「たしかに福田事務次官がとんでもない発言をしてるかもしれないけど、そんなの隠し録っておいて、テレビ局の人が週刊誌に売ること自体がはめられてますよ。ある意味、犯罪だと思う」
この3つのコメントは強弱は違うが、まったく同じことを言っている。つまり、「セクハラを録音したテープを週刊誌で告発した女性は悪者」ということだ。
あまりの見識の低さに愕然とするが、日本の社会には本気でそう思っている大メディアの報道局長や“大物政治家”がいるのも事実だから、どこがおかしいのか明確にしておく必要がある。
1つは、福田次官とAさんの会話は、「取材活動ではない」ということ。「取材」とは、「質問と回答がある」ことが大前提だ。Aさんが質問したことはたしかだが、福田次官は回答しておらず、取材はまったく成り立っていない。どこの世界に、「おっぱい触っていい?」「浮気しようね」というバカげた回答があるのか。このテープに録音されているのは、ただの「性的嫌がらせ」であり、取材活動でも何でもない。もしテレビ朝日が「これが自分たちの取材のやり取りだ」と胸を張るなら、日常的にどんな取材をしているのか、気になって仕方ない。

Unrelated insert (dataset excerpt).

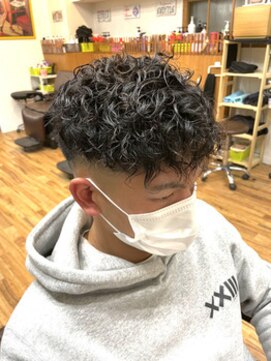 ヘアスタジオ ロメオ(hair studio Romeo) 『漢のツイスパフェード』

もう1つは、犯罪行為や反社会的行為、社会規範に照らして逸脱した行為を目の当たりにしたジャーナリストが、もし自社の媒体で報じられないとなったとき、それが社会的に報じられる価値があるならば、ありとあらゆる手段で報じようとするのは、ごく当然の行為だ。週刊誌でも、新聞でも、テレビでも、SNSでも、動画サイトでも、手作りのビラでも、何でもいい。報じられるべき事実を「ウチの会社じゃできないから闇に葬ろう」というのが、ジャーナリズムなのか。それではただの“御用聞き”だ。
テレビ朝日の会見に出席した日本テレビの男性記者は、「この音声の提供に際して、いわゆる謝礼金みたいなものが発生しているのかどうか」と質問した。謝礼を受け取ろうが、受け取るまいが、「福田次官のセクハラ発言」という事実は不変だ。記者は「Aさんはカネ目的で福田次官をハメた」と貶めたかったのだろう。これが日本の記者のレベルだ。(念のために、Aさんは謝礼を受け取っていないという)
「告発した女性が悪い」と言い立てるのが日本社会の現実だ。女性が実名で声を上げられるはずがない。